Movie Review: The Book of Henry
The Book of Henry is one of those films that will be a standout for me for 2017. Directed by Colin Trevorrow (Jurassic World, Safety Not Guaranteed) and written by Gregg Hurwitz, it follows the story of boy genius, Henry Carpenter, and his family. Jaeden Lieberher portrays young Henry while Naomi Watts plays his mother, Susan, and Jacob Tremblay steals the show as Henry’s younger brother, Peter. The supporting cast is also aided by Sarah Silverman, Lee Pace, Dean Norris, and Maddie Ziegler.
Henry, the 11-year-old genius, helps keep his family running. He balances the bank account, invests in stocks, and ultimately, keeps his mother and brother on track. He makes sure his brother is protected from bullies and that their mom, Susan, is being a good influence. Their next door neighbors are Police Commissioner Glenn Sickleman and his stepdaughter, Christina. Early in the film, Henry is concerned that abuse is present in the Sickleman house based on Christina’s evolving reticent behavior. He has tried to report those concerns in the past, but nothing has ever come to fruition. After witnessing the abuse one night, Henry takes action and begins drawing up plans for how to save Christina from her situation. As time moves on, the task falls to his mother, Susan, and the tension kicks up a notch as she follows her genius son’s plans.

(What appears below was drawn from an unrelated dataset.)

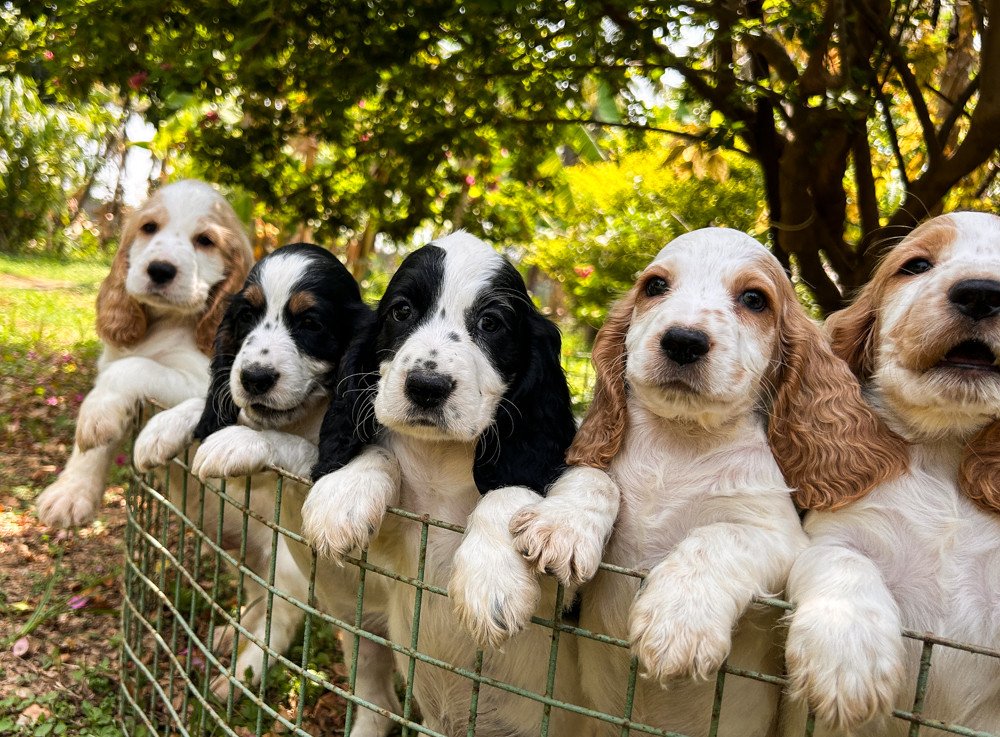 Cocker Spaniel Puppies For Sale In Jaipur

I have to be honest and say that it’s a little hard to review this film. There is a major twist in the second act, and in order to maintain that surprising storyline, I have to be mindful of my words. I will say, though, that these performances were stellar. Jaeden Lieberher made me believe that he was an eleven-year-old genius; he has this overwhelming compassion for others and yet still consistently shows his brilliance in big and small ways throughout the film. He is to star later this year in the remake of It, and while I am no fan of horror films, I think it might be worth the watch just for him. Naomi Watts has always been a fantastic actress, but she shines in this role as the single mother who has to grow up and be the adult. Lastly, Jacob Tremblay’s performance of Peter was heartwarming and at times heartbreaking, and this star from Room has a long career ahead of him. Each of their performances feel genuine and sometimes raw, and it added to the quality of the story.

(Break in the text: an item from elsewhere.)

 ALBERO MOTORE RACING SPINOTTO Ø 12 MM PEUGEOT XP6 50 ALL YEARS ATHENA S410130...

However, the real star of this film in my opinion is the story and the themes explored. I don’t think this is a spoiler since it was explored in the trailer, but Henry’s ultimate plan is to kill Christina’s stepfather. This plan might sound a little crazy, but it’s coming from an eleven year old with a big heart who thinks that they must help those that cannot help themselves. That alone is enough to grab your attention, but then the family dynamics also enrich this story. Naomi Watt’s character loves her boys, but she’s not good at some of the practical things; she’s not good at balancing bank accounts and making tough decisions. It leaves Henry as the provider in some sense, and through all those circumstances, the film goes on to touch on subjects like mortality, growing up, personal responsibility, and child-like thinking.

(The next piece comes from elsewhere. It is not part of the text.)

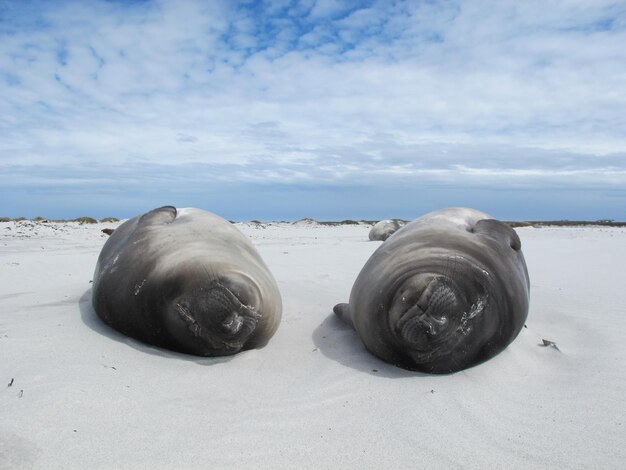 Foto vista de focas na praia contra o céu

At the end of the day, this film is heavy. It’s definitely not for everyone, but I found it to be surprising, amazingly complex, and genuine. Even throughout all of these serious subjects, they manage to implant small moments of humor and running themes that are heartwarming. The relationship between Susan and her two boys makes it worth the watch. Plus, Jacob Tremblay in glasses might be one of the cutest things I’ve ever seen. So, if you’re looking for a unique, emotional journey on the big screen, I have to recommend The Book of Henry.